Friday, October 22, 2010

Ménerbes, A Plus Beaux Village de France

I fell in love with France, or at least a tiny part of it, during childhood trips to visit my father's family at the Metairie Neuve, the family farm located near Viane, a small hamlet about 15 km from Lacaune in the southeast region of Tarn France.

It wasn't until quite a few years later that I discovered and began my love affair with Provence through the pages of Peter Mayle's charming book "A Year In Provence" and his other books that followed.

If you don't know, "A Year in Provence," describes Provence, its culture and the people Mayle encounters from this Englishman's unique perspective after he and his wife leave London, buy a stone farmhouse in a Luberon village, fix it up, and adopt the region as their new home.

The village where Mayle and his wife settled was Ménerbes, a beautiful village perched along the top of a long ridge of the north face of the Luberon. Ménerbes is classified as one of the Plus Beaux Villages de France.

On a recent Sunday afternoon, wife Shirley and I drove to Ménerbes from Sablet to visit Peter Mayle's village (I should mention that the Mayle's don't live there anymore). Here are a few pictures from our visit to Ménerbes.

In the village, narrow streets wind up and down past lovely old homes.

A beautiful door on a home in Ménerbes.

A colorful door.

A wrought-iron gate into a private home in Ménerbes.

An old stone fountain.

There are beautiful vistas where ever you look from Ménerbes.

Place de l'Horloge and the wrought-iron campanile (bell tower) atop the Mairie (town hall). Through the arch, there is a magnificent view out across the plains with several villages visible.

Also at Place de l'Horloge, there is the Maison de la Truffe et du Vin (House of Truffles and Wine).

A beautiful stone house in Ménerbes.

Église Saint-Luc stands at the east end of Ménerbes and dates back to the 14th century.

Another beautiful door in Ménerbes.

This 13th century fortress was rebuilt in the 16th and 19th centuries.

Cousin Annick and Shirley walking in Ménerbes.

One of the many beautiful vistas from Ménerbes.

As we got to the end of our walk around Ménerbes, we stopped for drinks near the entrance to the village. As we sat there, I could see this sign saying La Vie est Belle (Life is Beautiful). I couldn't agree more.

If you go to Ménerbes, you might want to stop by the Musée du Tire-Bouchon (Cork Screw Museum) at La Citadelle winery about 1 km outside Ménerbes on the road to Cavaillon. The museum displays 1000 cork screws from the 17th century to today.

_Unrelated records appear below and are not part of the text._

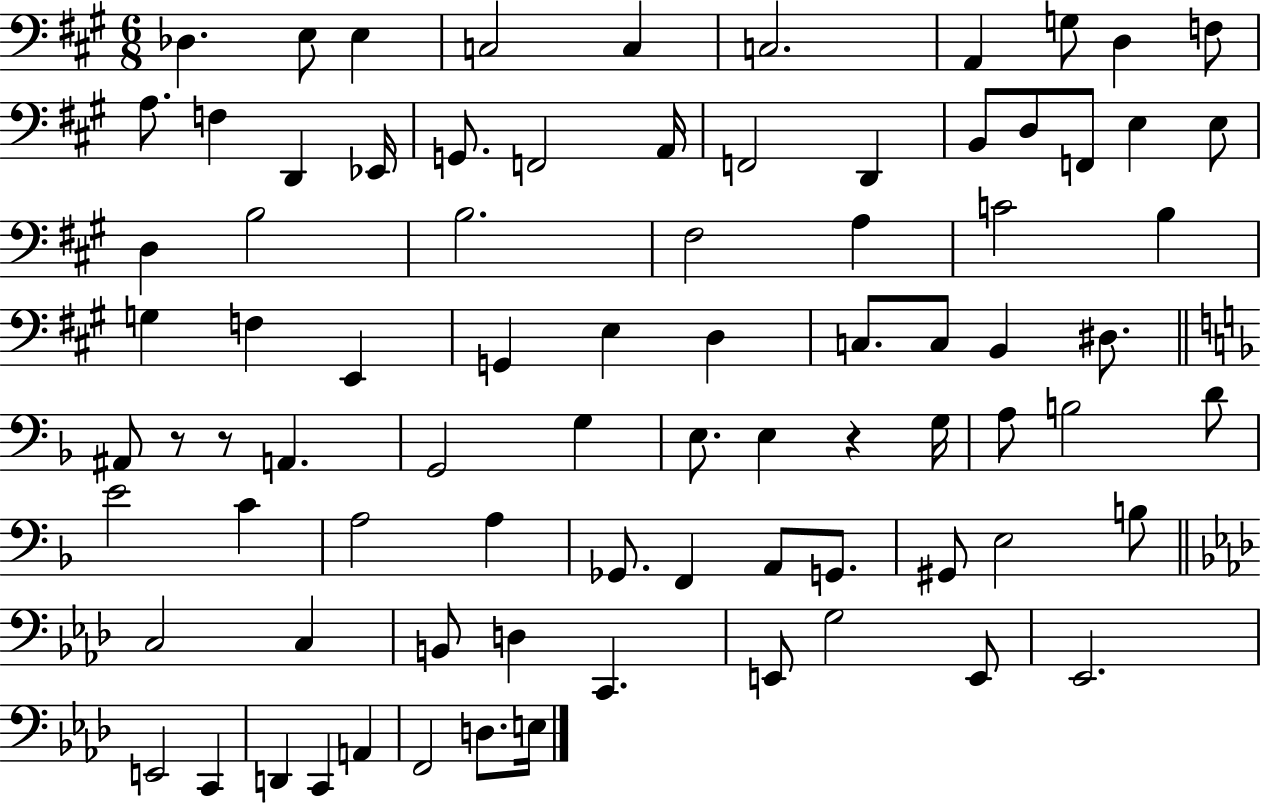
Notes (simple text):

Db3/q. E3/e E3/q C3/h C3/q C3/h. A2/q G3/e D3/q F3/e A3/e. F3/q D2/q Eb2/s G2/e. F2/h A2/s F2/h D2/q B2/e D3/e F2/e E3/q E3/e D3/q B3/h B3/h. F#3/h A3/q C4/h B3/q G3/q F3/q E2/q G2/q E3/q D3/q C3/e. C3/e B2/q D#3/e. A#2/e R/e R/e A2/q. G2/h G3/q E3/e. E3/q R/q G3/s A3/e B3/h D4/e E4/h C4/q A3/h A3/q Gb2/e. F2/q A2/e G2/e. G#2/e E3/h B3/e C3/h C3/q B2/e D3/q C2/q. E2/e G3/h E2/e Eb2/h. E2/h C2/q D2/q C2/q A2/q F2/h D3/e. E3/s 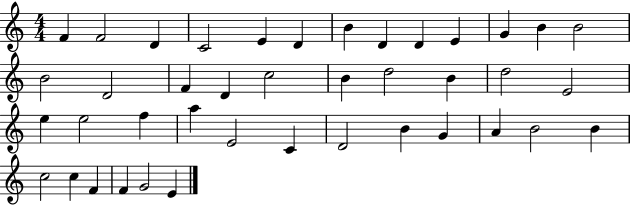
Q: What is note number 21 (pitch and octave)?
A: B4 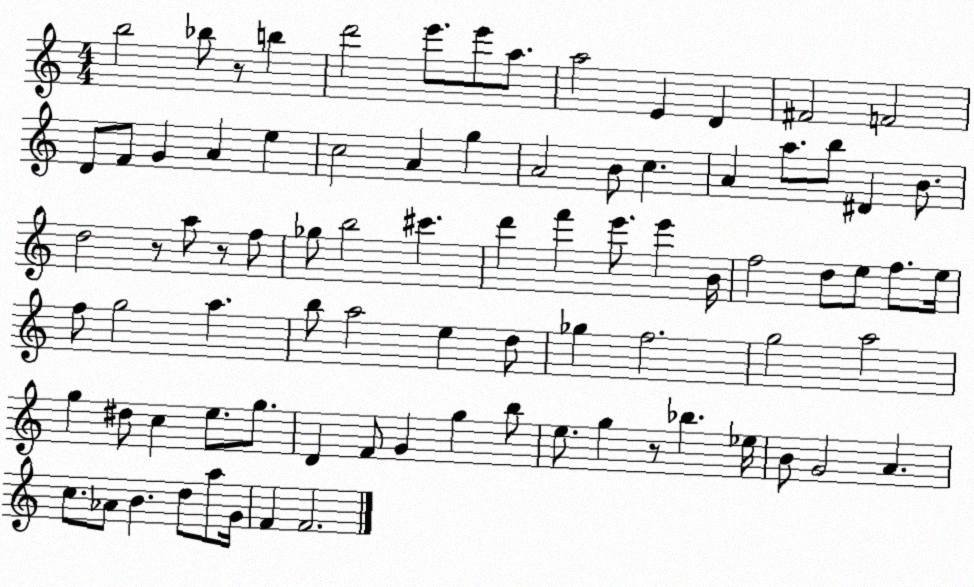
X:1
T:Untitled
M:4/4
L:1/4
K:C
b2 _b/2 z/2 b d'2 e'/2 e'/2 a/2 a2 E D ^F2 F2 D/2 F/2 G A e c2 A g A2 B/2 c A a/2 b/2 ^D B/2 d2 z/2 a/2 z/2 f/2 _g/2 b2 ^c' d' f' e'/2 e' B/4 f2 d/2 e/2 f/2 e/4 f/2 g2 a b/2 a2 e d/2 _g f2 g2 a2 g ^d/2 c e/2 g/2 D F/2 G g b/2 e/2 g z/2 _b _e/4 B/2 G2 A c/2 _A/2 B d/2 a/2 G/4 F F2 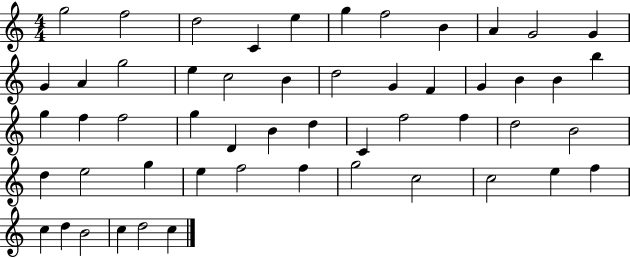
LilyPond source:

{
  \clef treble
  \numericTimeSignature
  \time 4/4
  \key c \major
  g''2 f''2 | d''2 c'4 e''4 | g''4 f''2 b'4 | a'4 g'2 g'4 | \break g'4 a'4 g''2 | e''4 c''2 b'4 | d''2 g'4 f'4 | g'4 b'4 b'4 b''4 | \break g''4 f''4 f''2 | g''4 d'4 b'4 d''4 | c'4 f''2 f''4 | d''2 b'2 | \break d''4 e''2 g''4 | e''4 f''2 f''4 | g''2 c''2 | c''2 e''4 f''4 | \break c''4 d''4 b'2 | c''4 d''2 c''4 | \bar "|."
} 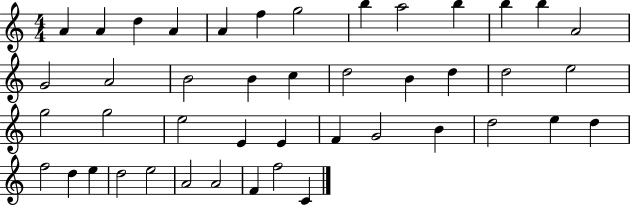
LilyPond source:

{
  \clef treble
  \numericTimeSignature
  \time 4/4
  \key c \major
  a'4 a'4 d''4 a'4 | a'4 f''4 g''2 | b''4 a''2 b''4 | b''4 b''4 a'2 | \break g'2 a'2 | b'2 b'4 c''4 | d''2 b'4 d''4 | d''2 e''2 | \break g''2 g''2 | e''2 e'4 e'4 | f'4 g'2 b'4 | d''2 e''4 d''4 | \break f''2 d''4 e''4 | d''2 e''2 | a'2 a'2 | f'4 f''2 c'4 | \break \bar "|."
} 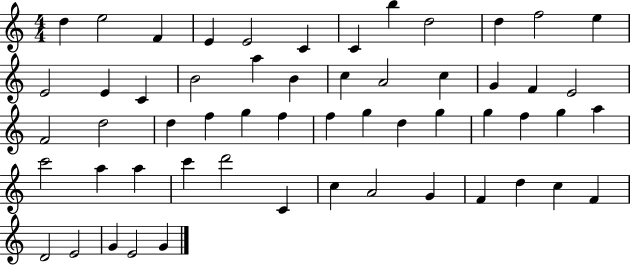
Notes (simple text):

D5/q E5/h F4/q E4/q E4/h C4/q C4/q B5/q D5/h D5/q F5/h E5/q E4/h E4/q C4/q B4/h A5/q B4/q C5/q A4/h C5/q G4/q F4/q E4/h F4/h D5/h D5/q F5/q G5/q F5/q F5/q G5/q D5/q G5/q G5/q F5/q G5/q A5/q C6/h A5/q A5/q C6/q D6/h C4/q C5/q A4/h G4/q F4/q D5/q C5/q F4/q D4/h E4/h G4/q E4/h G4/q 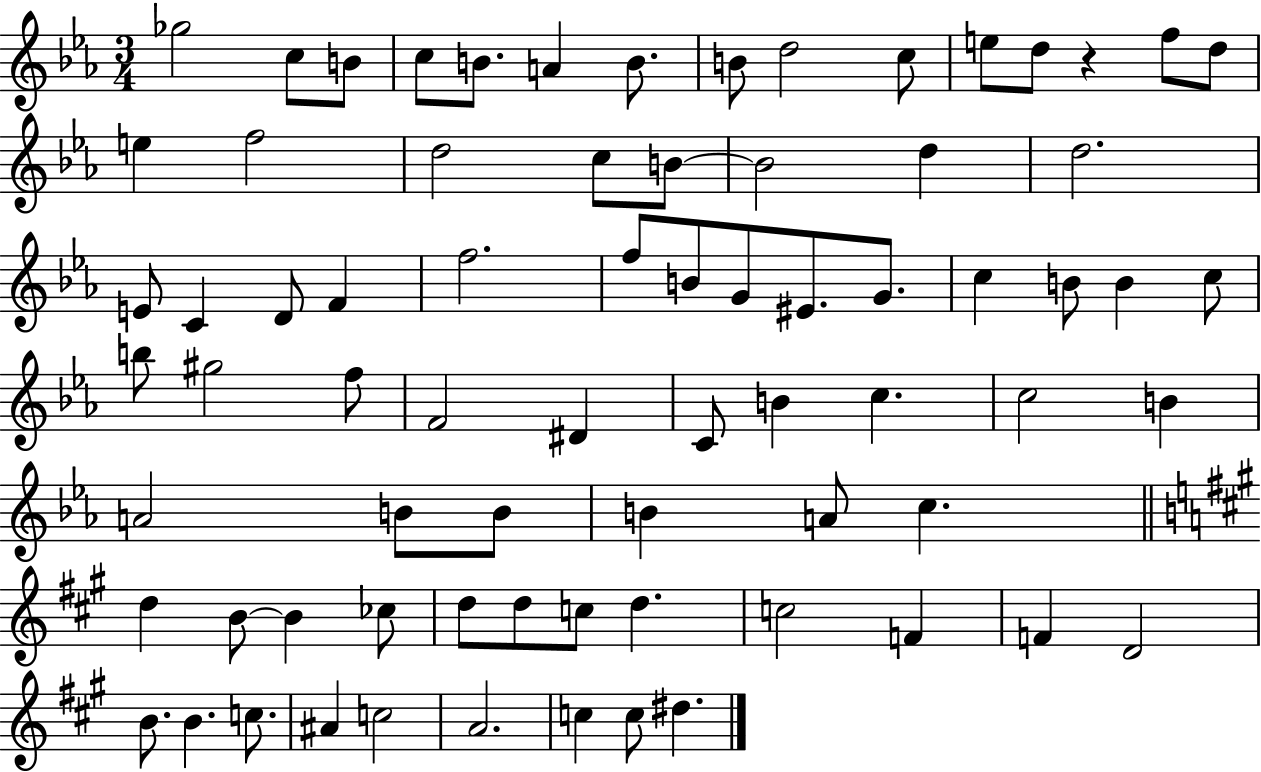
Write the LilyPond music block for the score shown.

{
  \clef treble
  \numericTimeSignature
  \time 3/4
  \key ees \major
  ges''2 c''8 b'8 | c''8 b'8. a'4 b'8. | b'8 d''2 c''8 | e''8 d''8 r4 f''8 d''8 | \break e''4 f''2 | d''2 c''8 b'8~~ | b'2 d''4 | d''2. | \break e'8 c'4 d'8 f'4 | f''2. | f''8 b'8 g'8 eis'8. g'8. | c''4 b'8 b'4 c''8 | \break b''8 gis''2 f''8 | f'2 dis'4 | c'8 b'4 c''4. | c''2 b'4 | \break a'2 b'8 b'8 | b'4 a'8 c''4. | \bar "||" \break \key a \major d''4 b'8~~ b'4 ces''8 | d''8 d''8 c''8 d''4. | c''2 f'4 | f'4 d'2 | \break b'8. b'4. c''8. | ais'4 c''2 | a'2. | c''4 c''8 dis''4. | \break \bar "|."
} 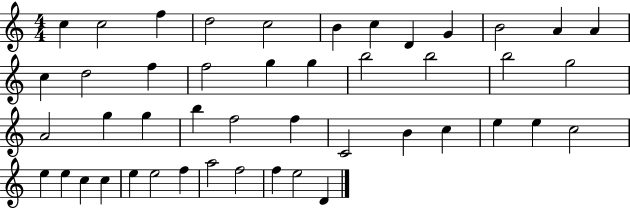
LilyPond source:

{
  \clef treble
  \numericTimeSignature
  \time 4/4
  \key c \major
  c''4 c''2 f''4 | d''2 c''2 | b'4 c''4 d'4 g'4 | b'2 a'4 a'4 | \break c''4 d''2 f''4 | f''2 g''4 g''4 | b''2 b''2 | b''2 g''2 | \break a'2 g''4 g''4 | b''4 f''2 f''4 | c'2 b'4 c''4 | e''4 e''4 c''2 | \break e''4 e''4 c''4 c''4 | e''4 e''2 f''4 | a''2 f''2 | f''4 e''2 d'4 | \break \bar "|."
} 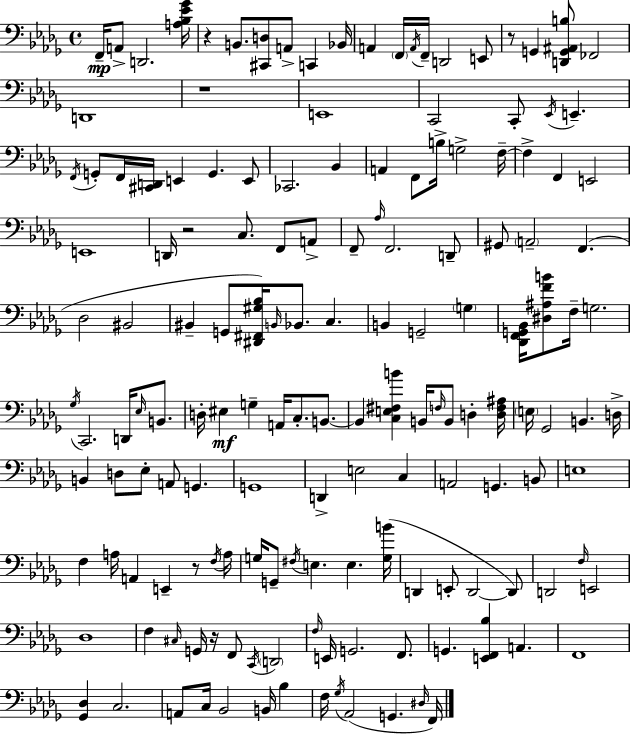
F2/s A2/e D2/h. [A3,Bb3,Eb4,Gb4]/s R/q B2/e. [C#2,D3]/e A2/e C2/q Bb2/s A2/q F2/s A2/s F2/s D2/h E2/e R/e G2/q [D2,G2,A#2,B3]/e FES2/h D2/w R/w E2/w C2/h C2/e Eb2/s E2/q. F2/s G2/e F2/s [C#2,D2]/s E2/q G2/q. E2/e CES2/h. Bb2/q A2/q F2/e B3/s G3/h F3/s F3/q F2/q E2/h E2/w D2/s R/h C3/e. F2/e A2/e F2/e Ab3/s F2/h. D2/e G#2/e A2/h F2/q. Db3/h BIS2/h BIS2/q G2/e [D#2,F#2,G#3,Bb3]/s B2/s Bb2/e. C3/q. B2/q G2/h G3/q [Db2,F2,G2,Bb2]/s [D#3,A#3,F4,B4]/e F3/s G3/h. Gb3/s C2/h. D2/s Eb3/s B2/e. D3/s EIS3/q G3/q A2/s C3/e. B2/e. B2/q [C3,E3,F#3,B4]/q B2/s F3/s B2/e D3/q [D3,F3,A#3]/s E3/s Gb2/h B2/q. D3/s B2/q D3/e Eb3/e A2/e G2/q. G2/w D2/q E3/h C3/q A2/h G2/q. B2/e E3/w F3/q A3/s A2/q E2/q R/e F3/s A3/s G3/s G2/e F#3/s E3/q. E3/q. [G3,B4]/s D2/q E2/e D2/h D2/e D2/h F3/s E2/h Db3/w F3/q C#3/s G2/s R/s F2/e C2/s D2/h F3/s E2/s G2/h. F2/e. G2/q. [E2,F2,Bb3]/q A2/q. F2/w [Gb2,Db3]/q C3/h. A2/e C3/s Bb2/h B2/s Bb3/q F3/s Gb3/s Ab2/h G2/q. D#3/s F2/s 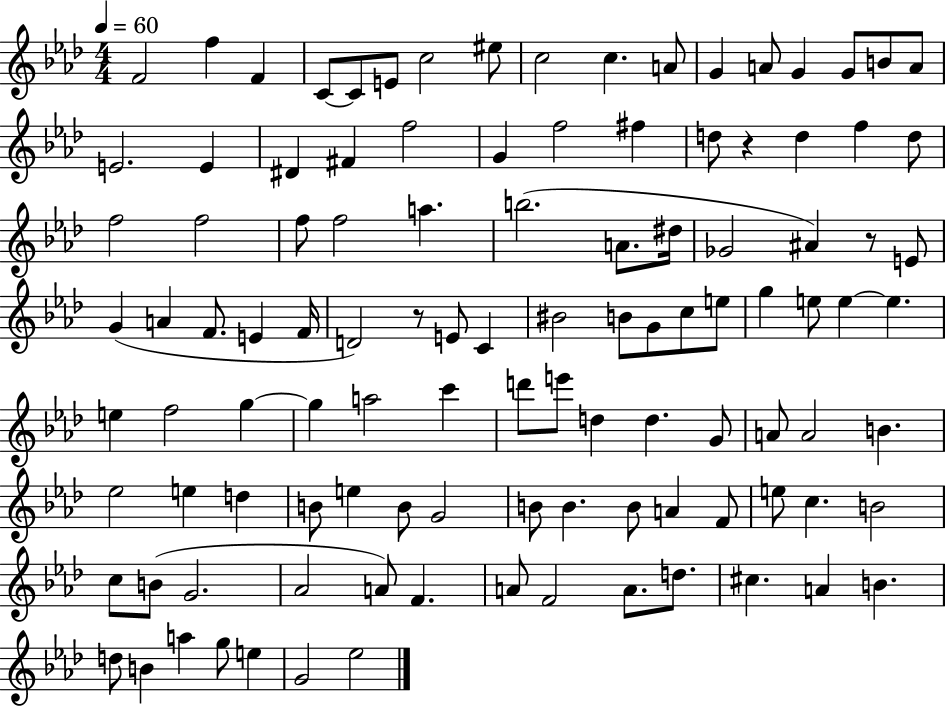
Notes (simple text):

F4/h F5/q F4/q C4/e C4/e E4/e C5/h EIS5/e C5/h C5/q. A4/e G4/q A4/e G4/q G4/e B4/e A4/e E4/h. E4/q D#4/q F#4/q F5/h G4/q F5/h F#5/q D5/e R/q D5/q F5/q D5/e F5/h F5/h F5/e F5/h A5/q. B5/h. A4/e. D#5/s Gb4/h A#4/q R/e E4/e G4/q A4/q F4/e. E4/q F4/s D4/h R/e E4/e C4/q BIS4/h B4/e G4/e C5/e E5/e G5/q E5/e E5/q E5/q. E5/q F5/h G5/q G5/q A5/h C6/q D6/e E6/e D5/q D5/q. G4/e A4/e A4/h B4/q. Eb5/h E5/q D5/q B4/e E5/q B4/e G4/h B4/e B4/q. B4/e A4/q F4/e E5/e C5/q. B4/h C5/e B4/e G4/h. Ab4/h A4/e F4/q. A4/e F4/h A4/e. D5/e. C#5/q. A4/q B4/q. D5/e B4/q A5/q G5/e E5/q G4/h Eb5/h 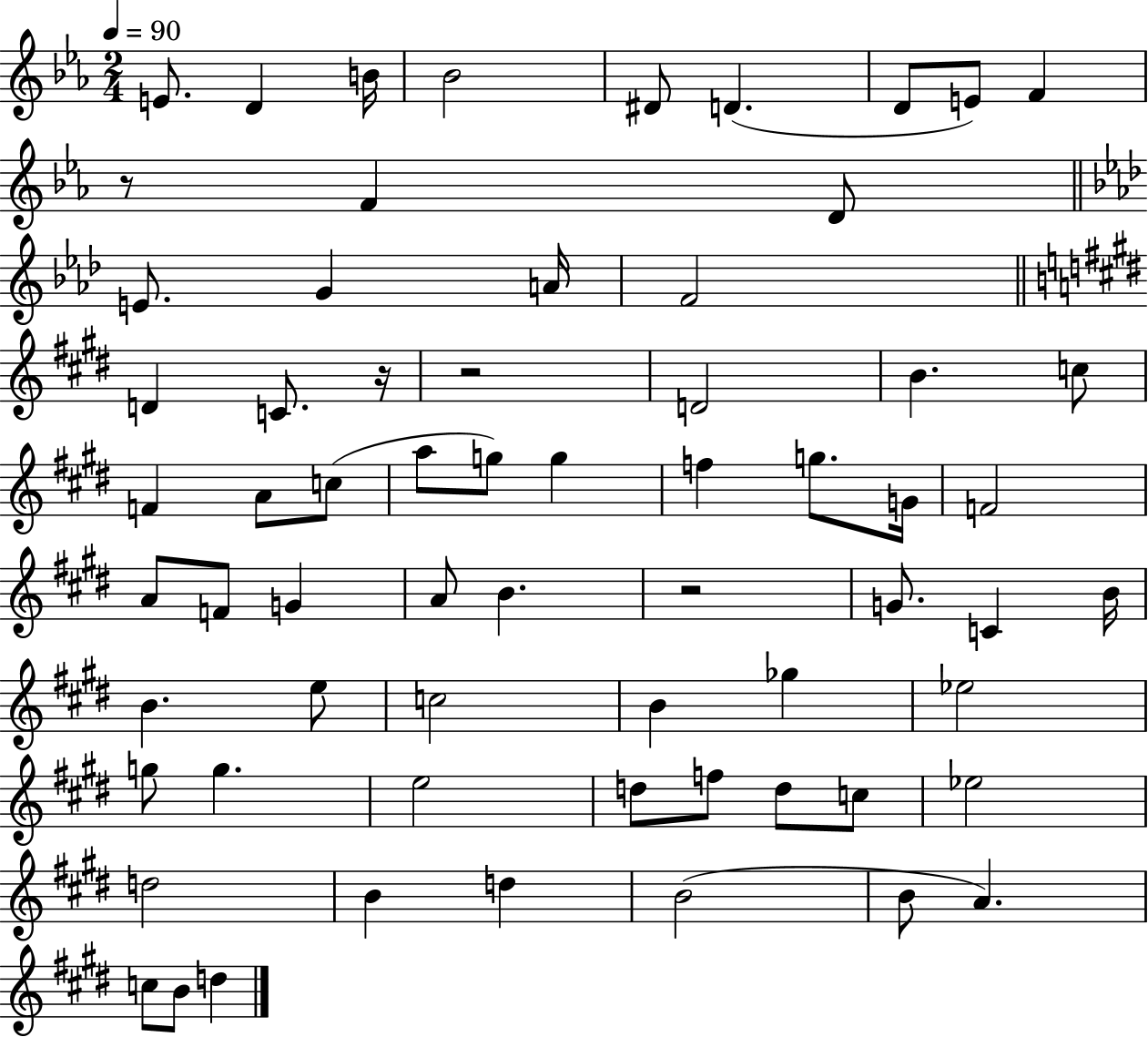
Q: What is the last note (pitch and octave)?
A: D5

I would guess the Mayles were attracted to Ménerbes more for the house and the surrounding area rather than the village itself. While Ménerbes and the surrounding area are very pretty, there is not much village life as far as we could see.


  1. I was in Menerbes too and thought it was nice but not as interesting as nearby Bonnieux,the natives seemed to be hiding from us tourists I think!
    Peter Mayle sent me off to Provence too after reading his book,I think he lives in Lourmarin these days?

  2. A Year in Provence is an absolute must read for Provence visitors. Even though it was written twenty years ago, I find the characters to be spot on. I even made my mother read it before she visited me!

    I've been to Menerbes and to be honest, I don't get it. It's a nice village, but there a plenty of others just as fantastic. I think they have a great PR department.

  3. talesfromagarden - Menerbes was pretty but lacked activity or a sense of village life. I agree with you about Bonnieux.

    Sara Louise - I have given A Year in Provence to quite a few friends over the year to try and help them understand why I love Provence. Either good PR or halo effect from Peter Mayle's time there.